Polar Capital has announced its pre-tax profit more than doubled to £32.7m for the year to March 31 2014, boosting assets under management 83 per cent to hit $13.2bn (£7.7bn).
The group reported net inflows every quarter over the financial year “despite turbulent markets”, citing inflows into its Japanese funds in particular.
Chairman Tom Bartlam said: “By the end of our financial year, the Japanese team was managing assets in excess of $5bn – this was the first time in our history that a team has reached $5bn in assets.
“Although Japan accounted for over 50 per cent of our net inflows, we also saw strong inflows into a wide range of other funds. In particular good inflows were seen into our North America, Emerging Market Income and Healthcare Opportunities UCITS funds.”

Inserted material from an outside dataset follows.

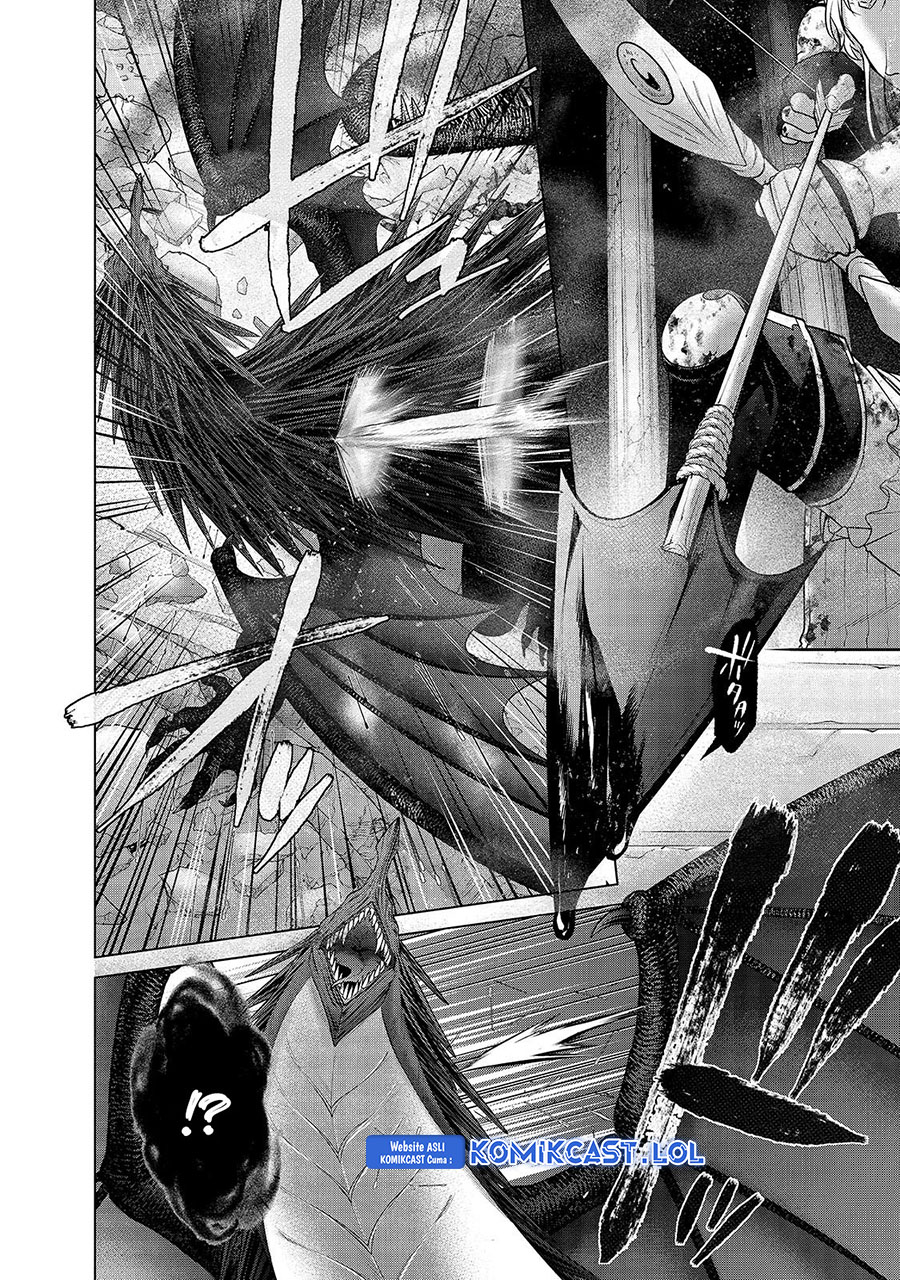 Halaman 23 dari Saihate no Paladin Chapter 62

In its latest set of annual results, chief executive Tim Woolley confirmed that Polar Capital is “actively looking to make additions” to its investment teams following an 18-month period of consolidation.
He revealed the group plans to develop its alternatives business through investing further in the existing teams and bringing on new managers, having identified a “rapidly growing market” for alternative Ucits products.
Mr Woolley added: “Our recent experience with the launch of our Global Convertible UCITS product is illustrative of the trend. The fund was launched in November and already has nearly $100m.
“We anticipate we will launch additional alternative UCITS product over the coming year to tap into this exciting opportunity on the alternative side.”
The board of Polar Capital has declared a second interim dividend of 21 pence to be paid in July this year which, together with the interim dividend of 4 pence paid in January brings the total dividend for the year to 25 pence.